Department of Biological and Environmental Science, Faculty of Mathematics and Science, University of Jyväskylä, Jyväskylä, Finland.
Organismal and Evolutionary Biology Research Programme, Faculty of Biological and Environmental Sciences, University of Helsinki, Helsinki, Finland.
PLoS Comput Biol. 2024 Sep 3;20(9):e1011914. doi: 10.1371/journal.pcbi.1011914. eCollection 2024 Sep.
Joint species distribution modelling (JSDM) is a widely used statistical method that analyzes combined patterns of all species in a community, linking empirical data to ecological theory and enhancing community-wide prediction tasks. However, fitting JSDMs to large datasets is often computationally demanding and time-consuming. Recent studies have introduced new statistical and machine learning techniques to provide more scalable fitting algorithms, but extending these to complex JSDM structures that account for spatial dependencies or multi-level sampling designs remains challenging.

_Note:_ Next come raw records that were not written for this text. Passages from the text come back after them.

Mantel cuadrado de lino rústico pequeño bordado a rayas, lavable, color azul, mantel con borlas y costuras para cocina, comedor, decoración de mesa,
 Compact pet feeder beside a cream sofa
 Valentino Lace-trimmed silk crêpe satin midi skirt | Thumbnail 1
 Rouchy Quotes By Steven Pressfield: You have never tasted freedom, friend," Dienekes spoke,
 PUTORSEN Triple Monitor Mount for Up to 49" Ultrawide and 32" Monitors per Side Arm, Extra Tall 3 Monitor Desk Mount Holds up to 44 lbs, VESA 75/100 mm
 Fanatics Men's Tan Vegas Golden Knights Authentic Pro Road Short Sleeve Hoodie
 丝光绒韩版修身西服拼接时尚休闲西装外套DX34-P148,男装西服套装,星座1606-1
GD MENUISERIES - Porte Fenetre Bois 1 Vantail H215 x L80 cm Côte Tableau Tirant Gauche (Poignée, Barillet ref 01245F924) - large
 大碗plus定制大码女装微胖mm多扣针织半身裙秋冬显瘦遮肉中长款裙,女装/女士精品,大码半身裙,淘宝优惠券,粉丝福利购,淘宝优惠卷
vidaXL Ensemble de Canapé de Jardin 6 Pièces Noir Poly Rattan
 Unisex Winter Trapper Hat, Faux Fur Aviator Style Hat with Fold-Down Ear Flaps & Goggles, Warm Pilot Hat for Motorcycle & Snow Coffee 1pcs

In this study, we aim to enhance JSDM scalability by leveraging high-performance computing (HPC) resources for an existing fitting method. Our work focuses on the Hmsc R-package, a widely used JSDM framework that supports the integration of various dataset types into a single comprehensive model. We developed a GPU-compatible implementation of its model-fitting algorithm using Python and the TensorFlow library. Despite these changes, our enhanced framework retains the original user interface of the Hmsc R-package. We evaluated the performance of the proposed implementation across various model configurations and dataset sizes. Our results show a significant increase in model fitting speed for most models compared to the baseline Hmsc R-package. For the largest datasets, we achieved speed-ups of over 1000 times, demonstrating the substantial potential of GPU porting for previously CPU-bound JSDM software. This advancement opens promising opportunities for better utilizing the rapidly accumulating new biodiversity data resources for inference and prediction.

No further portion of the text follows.